- [Problem statement]
Output the entries in full and verbatim, pictures omitted.

══ Listed entries

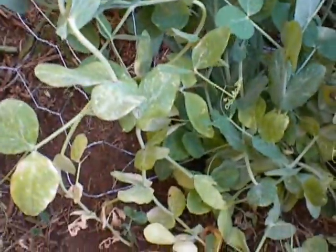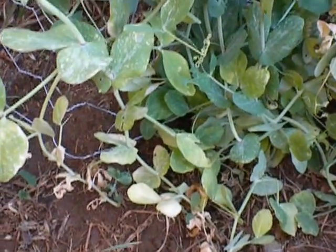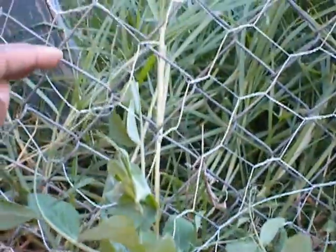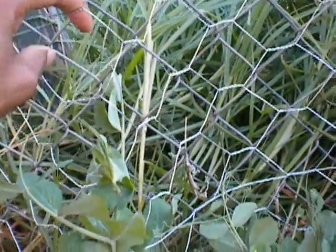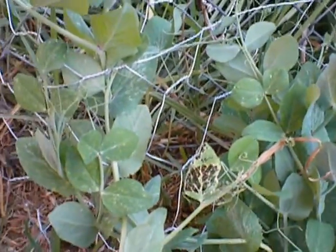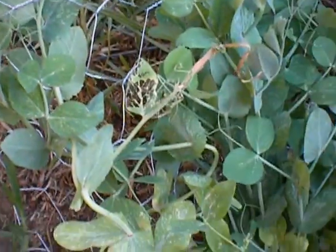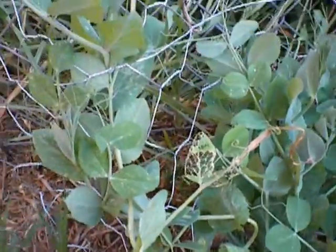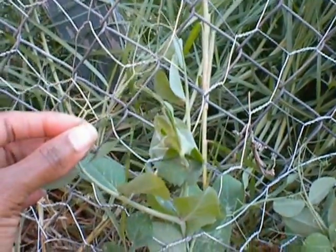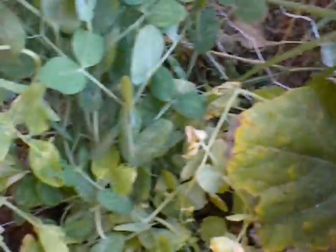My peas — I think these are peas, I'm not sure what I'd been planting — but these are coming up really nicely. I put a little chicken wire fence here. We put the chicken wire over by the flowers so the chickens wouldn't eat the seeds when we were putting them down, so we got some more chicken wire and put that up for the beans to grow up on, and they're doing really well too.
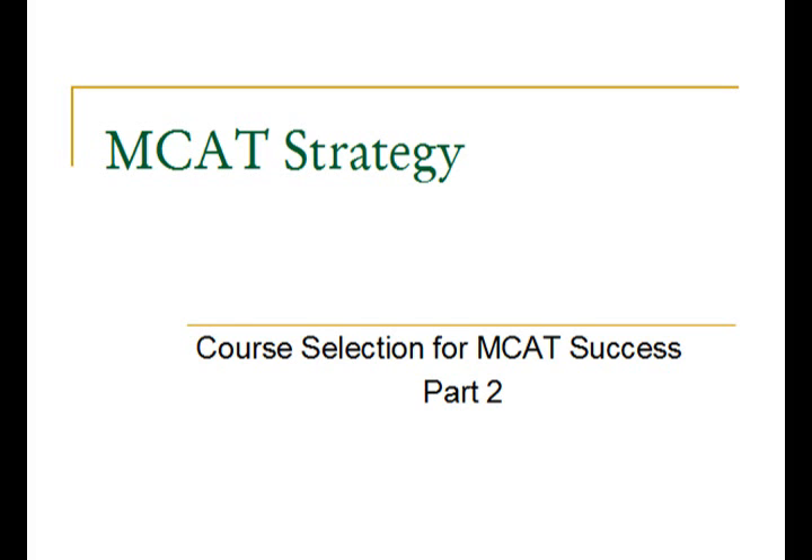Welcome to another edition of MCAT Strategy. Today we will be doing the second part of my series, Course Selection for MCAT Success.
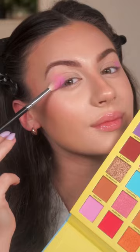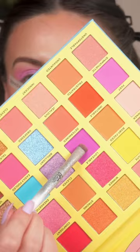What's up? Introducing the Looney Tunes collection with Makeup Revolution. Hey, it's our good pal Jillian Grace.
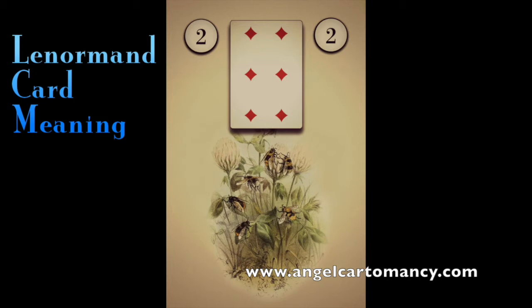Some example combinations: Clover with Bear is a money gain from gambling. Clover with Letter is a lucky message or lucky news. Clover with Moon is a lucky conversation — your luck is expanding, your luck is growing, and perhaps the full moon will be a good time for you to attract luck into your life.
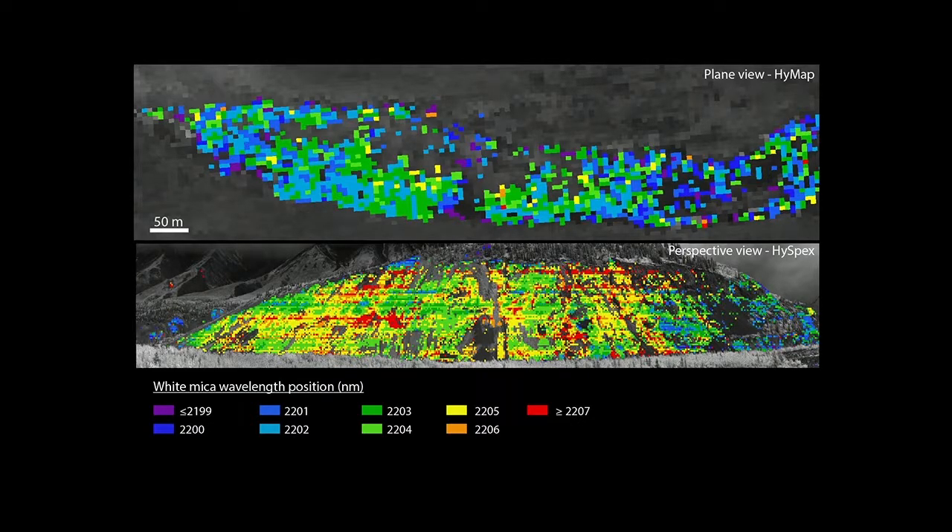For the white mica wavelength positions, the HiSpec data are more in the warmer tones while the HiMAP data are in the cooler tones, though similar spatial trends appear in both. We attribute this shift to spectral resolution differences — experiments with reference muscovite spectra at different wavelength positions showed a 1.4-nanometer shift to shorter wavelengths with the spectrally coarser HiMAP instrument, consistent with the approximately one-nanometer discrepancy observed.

════

- [Written reply]
My peas — I think these are peas, I'm not sure what I'd been planting — but these are coming up really nicely. I put a little chicken wire fence here. We put the chicken wire over by the flowers so the chickens wouldn't eat the seeds when we were putting them down, so we got some more chicken wire and put that up for the beans to grow up on, and they're doing really well too.
Welcome to another edition of MCAT Strategy. Today we will be doing the second part of my series, Course Selection for MCAT Success.
What's up? Introducing the Looney Tunes collection with Makeup Revolution. Hey, it's our good pal Jillian Grace.
Some example combinations: Clover with Bear is a money gain from gambling. Clover with Letter is a lucky message or lucky news. Clover with Moon is a lucky conversation — your luck is expanding, your luck is growing, and perhaps the full moon will be a good time for you to attract luck into your life.
For the white mica wavelength positions, the HiSpec data are more in the warmer tones while the HiMAP data are in the cooler tones, though similar spatial trends appear in both. We attribute this shift to spectral resolution differences — experiments with reference muscovite spectra at different wavelength positions showed a 1.4-nanometer shift to shorter wavelengths with the spectrally coarser HiMAP instrument, consistent with the approximately one-nanometer discrepancy observed.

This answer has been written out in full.